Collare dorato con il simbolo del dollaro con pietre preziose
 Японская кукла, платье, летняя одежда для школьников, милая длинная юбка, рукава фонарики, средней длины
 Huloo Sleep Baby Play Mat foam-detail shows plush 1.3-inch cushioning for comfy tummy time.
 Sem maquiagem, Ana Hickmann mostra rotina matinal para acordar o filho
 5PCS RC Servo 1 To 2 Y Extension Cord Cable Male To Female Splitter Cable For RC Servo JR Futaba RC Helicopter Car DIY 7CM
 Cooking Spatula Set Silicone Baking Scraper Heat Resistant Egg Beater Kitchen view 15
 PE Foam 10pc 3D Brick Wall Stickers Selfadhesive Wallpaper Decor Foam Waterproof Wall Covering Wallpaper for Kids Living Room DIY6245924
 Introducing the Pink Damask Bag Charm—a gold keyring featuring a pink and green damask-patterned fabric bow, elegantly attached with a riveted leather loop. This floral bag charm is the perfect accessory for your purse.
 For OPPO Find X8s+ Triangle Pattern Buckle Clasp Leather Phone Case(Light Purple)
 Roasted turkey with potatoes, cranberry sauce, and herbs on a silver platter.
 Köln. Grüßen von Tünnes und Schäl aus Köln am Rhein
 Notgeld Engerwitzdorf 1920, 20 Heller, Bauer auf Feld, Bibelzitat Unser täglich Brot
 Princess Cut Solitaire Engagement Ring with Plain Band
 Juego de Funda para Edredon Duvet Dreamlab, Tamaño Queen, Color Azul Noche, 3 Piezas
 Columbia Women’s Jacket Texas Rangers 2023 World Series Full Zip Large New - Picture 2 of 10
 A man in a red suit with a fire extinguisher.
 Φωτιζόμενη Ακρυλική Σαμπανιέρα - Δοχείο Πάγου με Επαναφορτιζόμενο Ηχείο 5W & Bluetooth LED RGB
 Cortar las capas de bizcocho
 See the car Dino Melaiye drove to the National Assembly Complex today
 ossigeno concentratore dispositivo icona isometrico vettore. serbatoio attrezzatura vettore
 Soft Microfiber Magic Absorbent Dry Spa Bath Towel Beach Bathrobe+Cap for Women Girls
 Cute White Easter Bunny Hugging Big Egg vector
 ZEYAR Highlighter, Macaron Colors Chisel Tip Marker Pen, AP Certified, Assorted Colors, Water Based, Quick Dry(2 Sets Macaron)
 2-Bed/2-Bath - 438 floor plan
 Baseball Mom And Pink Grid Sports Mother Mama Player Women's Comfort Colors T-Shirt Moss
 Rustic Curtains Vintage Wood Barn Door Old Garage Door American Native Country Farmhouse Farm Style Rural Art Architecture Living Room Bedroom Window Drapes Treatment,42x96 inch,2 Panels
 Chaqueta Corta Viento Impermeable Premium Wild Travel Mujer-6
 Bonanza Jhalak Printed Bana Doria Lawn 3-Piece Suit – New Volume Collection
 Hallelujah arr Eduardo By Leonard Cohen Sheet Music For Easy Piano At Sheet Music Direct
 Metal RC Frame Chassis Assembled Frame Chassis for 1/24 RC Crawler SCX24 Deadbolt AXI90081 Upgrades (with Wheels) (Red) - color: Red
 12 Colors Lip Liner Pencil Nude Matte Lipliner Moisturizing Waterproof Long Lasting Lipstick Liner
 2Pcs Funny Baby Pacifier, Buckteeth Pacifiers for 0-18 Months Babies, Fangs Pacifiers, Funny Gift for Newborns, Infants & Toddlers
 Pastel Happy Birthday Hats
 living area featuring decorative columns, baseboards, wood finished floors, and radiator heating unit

(What this task involves)
Both end lines included, restate word for word the lines above from the line with "Cortar las capas de bizcocho" to the line with "Soft Microfiber Magic", and nothing else.

(Written solution)
 Cortar las capas de bizcocho
 See the car Dino Melaiye drove to the National Assembly Complex today
 ossigeno concentratore dispositivo icona isometrico vettore. serbatoio attrezzatura vettore
 Soft Microfiber Magic Absorbent Dry Spa Bath Towel Beach Bathrobe+Cap for Women Girls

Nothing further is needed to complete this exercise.